## Records to process
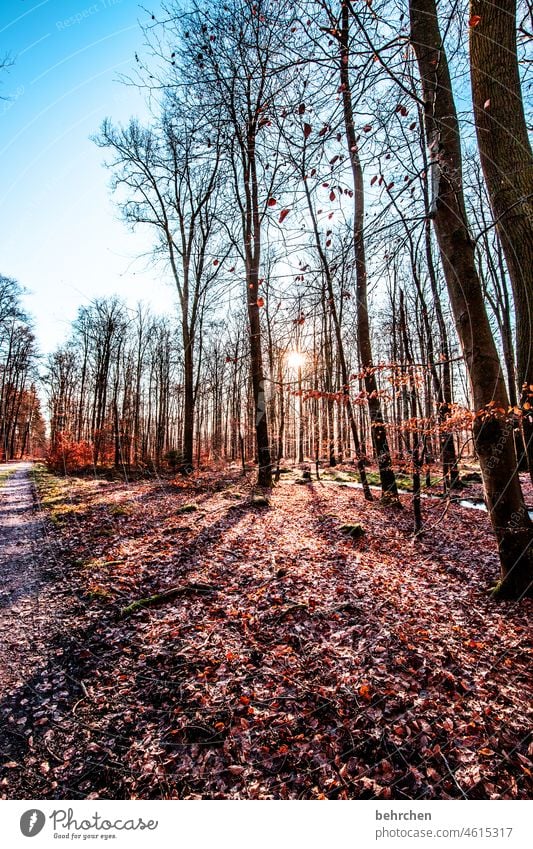 schattenwurf Schatten schön Sonnenlicht Wege & Pfade Märchenhaft verträumt Sonnenstern Gegenlicht Hoffnung fallende Blätter Kontrast fantastisch Fußweg Farbfoto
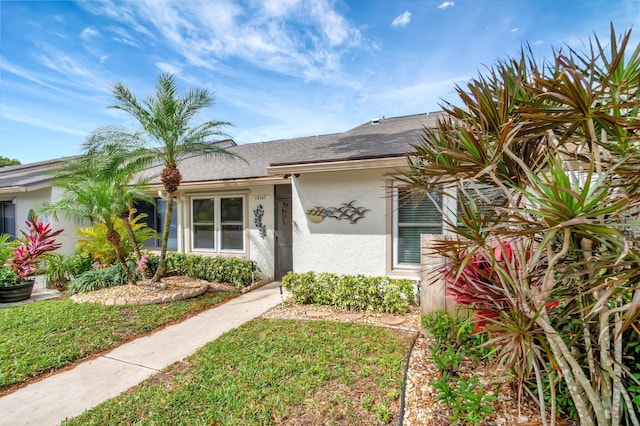 view of front of house featuring a shingled roof, a front lawn, and stucco siding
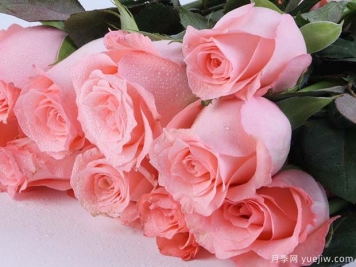 戴安娜玫瑰的花语是什么？有图片的更好？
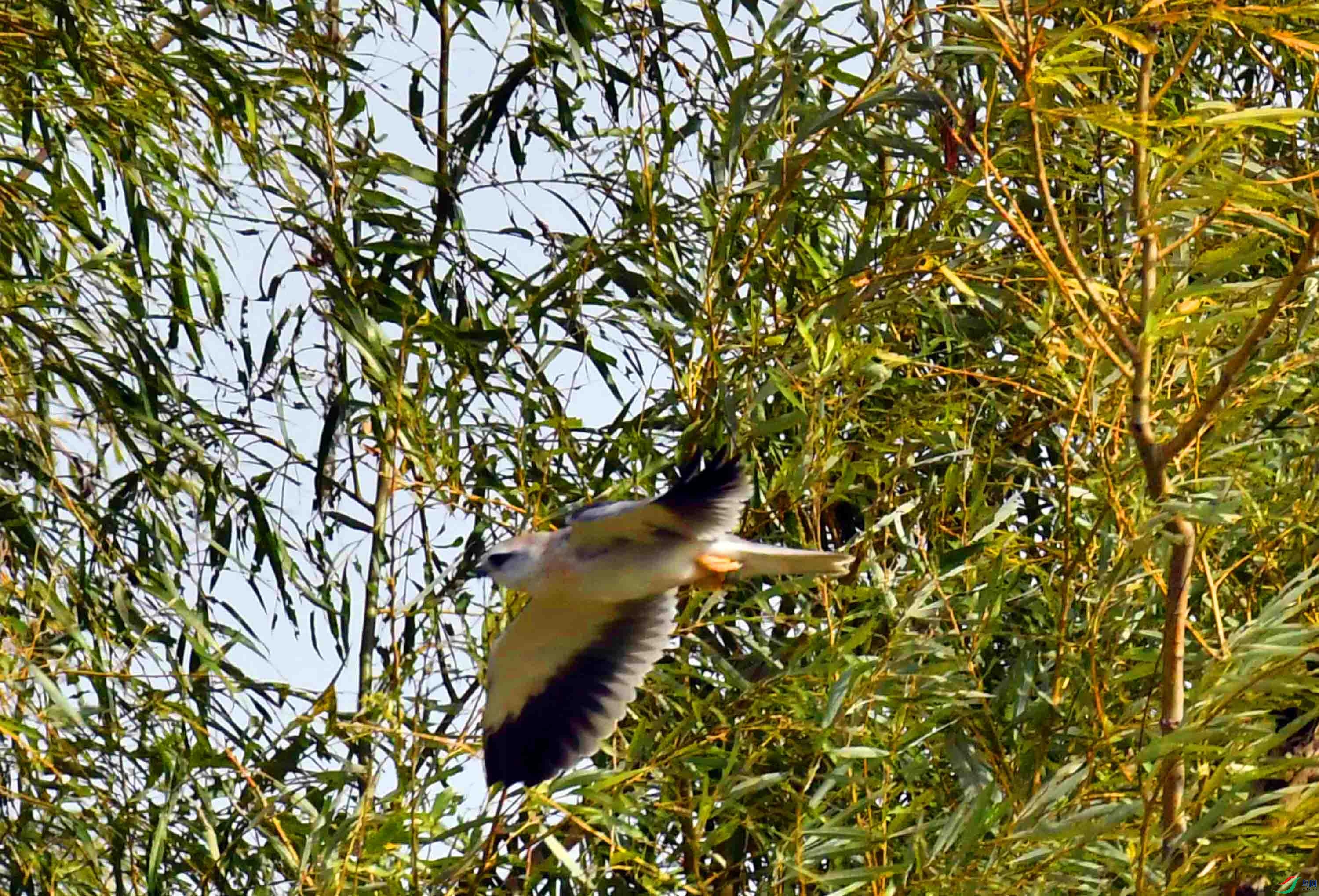 DSC_0896.JPG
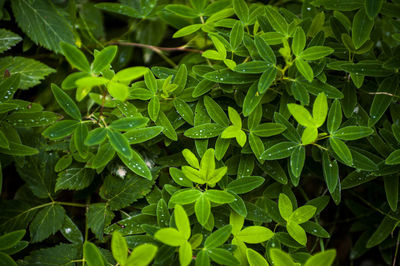 Close-up of green leaves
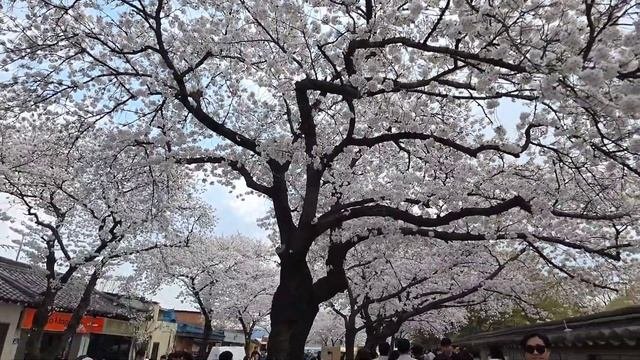 KR Фестиваль цветения вишни в Корее: атмосфера и красот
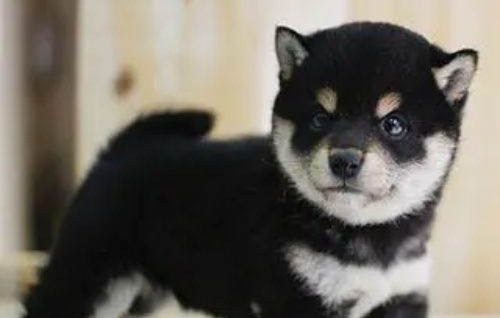 日本柴犬的特點
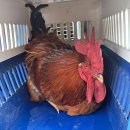 제주애니멀119제주
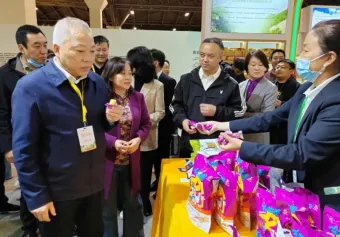 上海国际农产品博览会2025时间表及地点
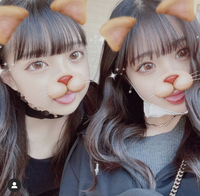このうさぎとにんじんの加工ってどのアプリにありますか B Yahoo 知恵袋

## What this task involves
Leaving every picture out, please copy exactly the lines from the one holding "view of front" through the last line of the listing, both ends included.

## Problem solution
 view of front of house featuring a shingled roof, a front lawn, and stucco siding
 戴安娜玫瑰的花语是什么？有图片的更好？
 DSC_0896.JPG
 Close-up of green leaves
 KR Фестиваль цветения вишни в Корее: атмосфера и красот
 日本柴犬的特點
 제주애니멀119제주
 上海国际农产品博览会2025时间表及地点
このうさぎとにんじんの加工ってどのアプリにありますか B Yahoo 知恵袋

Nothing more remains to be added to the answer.